The idea that artistic beauty provides a model to inspire good behaviour is part of the classical tradition deriving from Plato. But in a time when models of good behaviour are looked upon with scepticism, this lofty view no longer seems relevant. Today we are very aware that human beings are, in Nietzsche’s phrase, “all-too-human”. And we rarely hear now about how art can provide ethical sustenance.

In the twentieth century, ideals of human goodness were shattered by two world wars, the holocaust, and the enforcement of political ideologies which resulted in mass suffering and death. Artists were to the fore in reflecting this reality in their work. But it became difficult, if not impossible, for artists to express anything good about the human condition. Edward Munch’s iconic modernist painting ‘The Scream’, which dates from in 1893, expresses the pith of human alienation and anxiety and intimates something of the horror which followed during the coming century. This horror is depicted in such works as Picasso’s Guernica. And an artist such as Beckett, who served in the French Resistance during the Second World War, is reduced to near silence in his work.

Also, the very idea that human beings have a fixed nature or identity became highly questionable, in particular a nature directed towards goodness. Artists tended to depict people as fragmented and alienated, and unlikely to find moral inspiration from art or any other source. This alienation comes across, for example, in Kafka’s novels as well as in Robert Musil’s novel The Man Without Qualities and in Albert Camus’s The Outsider. Art continued to be important for expressing human experience. But the idea that art also contained ethical meaning faded, other than as a standard-bearer for uncompromising honesty in its depictions of what the reality is like.

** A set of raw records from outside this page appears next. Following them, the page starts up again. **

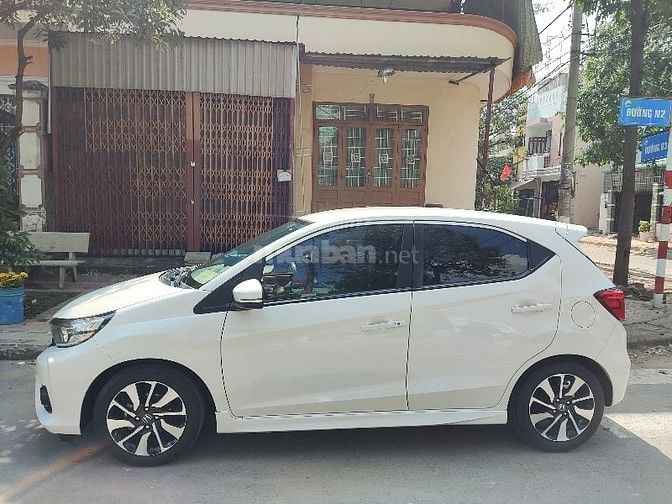 Bán xe Honda Brio chính chủ, biển số trắng (61A)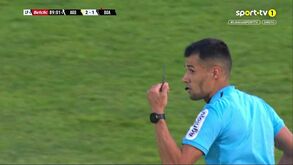 Adeptos do Boavista lançam canivete contra árbitro assistente 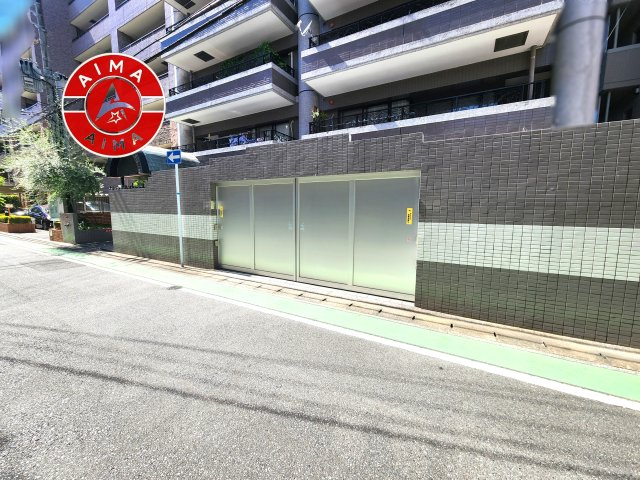 エステートマンション大濠フローレスのその他共用部分|敷地内には、ゴミ出しが可能な専用ゴミ置き場を完備。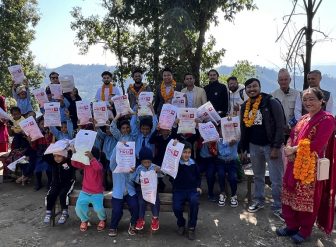ऋक्रियसनको बार्षिक उत्सवमा दुई विद्यालयका विद्यार्थीलाई शैक्षिक सामग्री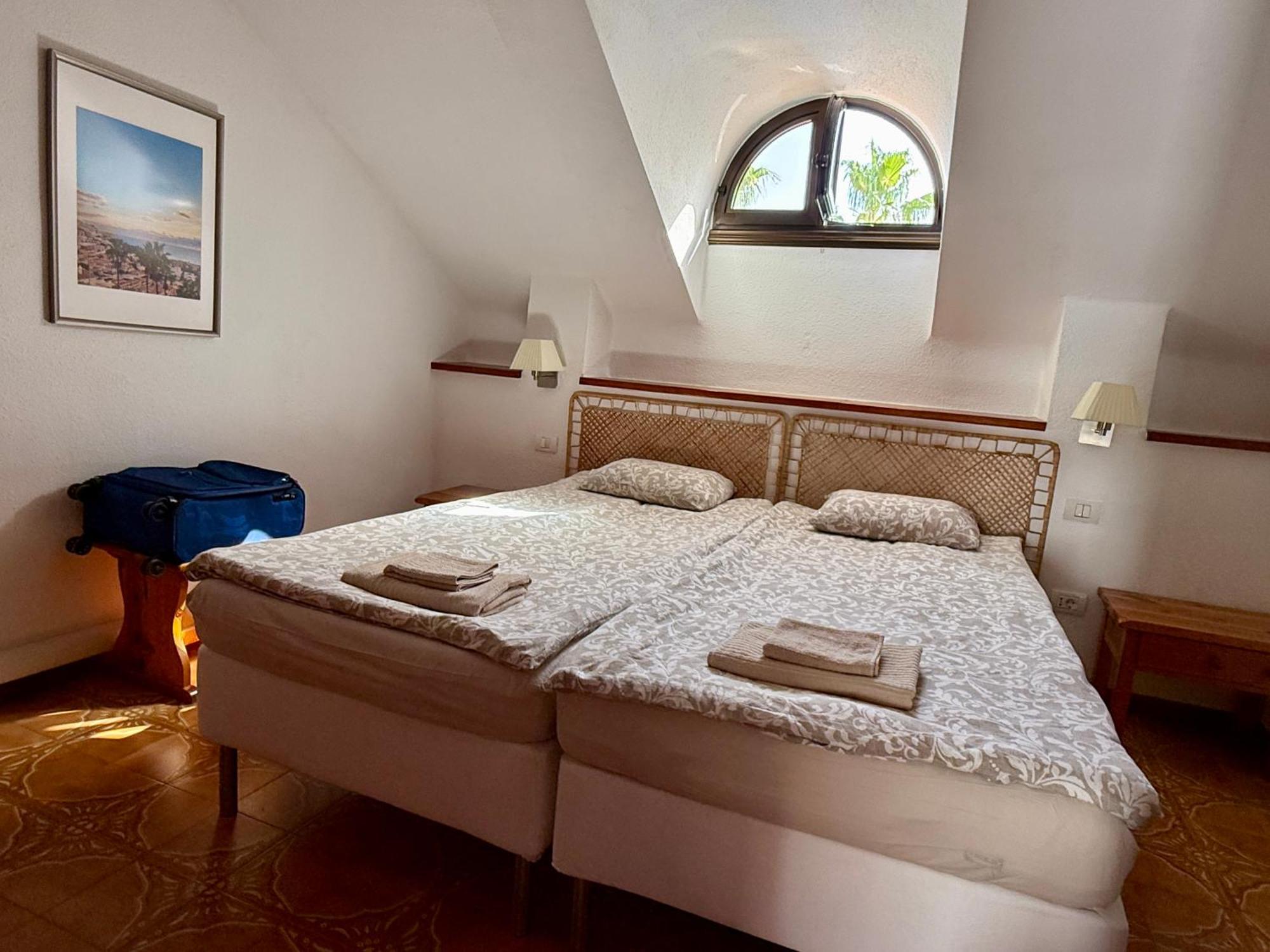 Sunny 2-Bedroom Apartment In Parque Santiago II بلايا ذي لاس أميريكاس المظهر الخارجي الصورة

Yet in more recent times some artists and philosophers have come to recognise that art of its nature can help bring out in us a sense of what is ethically good. They don’t say that art does, or should, promote ethics in any wishful or didactic way. Instead, they have pointed out that there are ethical features to art, even though the content of a work is about nothing good in any obvious or conventional sense. The following  are some of these features which link artworks to ethical meaning and value.

 Immanuel Kant

In the Critique of the Power of Judgment he makes quite clear that an interest in the beauty of art is “no proof of a way of thinking that is devoted to the morally good or even inclined to it” (p.178). And, as we know from the history of the Nazi regime, some of its leaders appeared to have a genuine appreciation of art while at the same time they could perpetrate atrocities. Yet Kant connects our moral sensibility with both the beauty in nature and in art. He asserts that an interest in the beauty of nature “is always the mark of a good soul” and that if the interest is “habitual, it at least indicates a disposition of mind that is favourable to the moral feeling, if it is gladly combined with the viewing of nature” (p. 178).

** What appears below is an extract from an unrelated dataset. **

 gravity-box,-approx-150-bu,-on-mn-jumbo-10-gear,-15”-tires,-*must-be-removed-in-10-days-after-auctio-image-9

Also, at a deeper level, Kant links what he calls “our moral vocation” with both the beauty in nature and the beauty in art. He does this by way of putting forward an idea to explain how our judgements on what we think qualifies a work to be  a work of art, judgements which are manifestly subjective, can also be valid for others. He says first that “Nature gives the rule to art” (p.186). Nature gives the rule not in the sense of any formula, but from having an unknowable inner purpose, which he calls “purposiveness without an end” (p. 181). As far as we can see, we are all able to recognise that nature doesn’t present itself to us as having a knowable purpose. And when an artist embodies this recognition in a work, it makes it art. It is the essential element an artwork needs to have and make palpable if it is to be considered a work of art. And this unknowable purpose is an element we can all recognise in our experience of an artwork, and, on the basis of getting a sense of it, we find it is the essential ingredient which qualifies a work as specifically a work of art. For Kant this idea can explain why people tend to agree in their admiration for certain works as art, and be indifferent to or dislike other supposed artwork in which this element is lacking or absent. He’s suggesting that when we look at a painting or read or hear a poem or experience some other art form, it’s essentially because it can unsettle us by its lack of knowable purpose, or identifiable end of the kind nature has, that it also astonishes and intrigues us with admiration for a force greater than us which we can’t explain, but which is integral to our lives.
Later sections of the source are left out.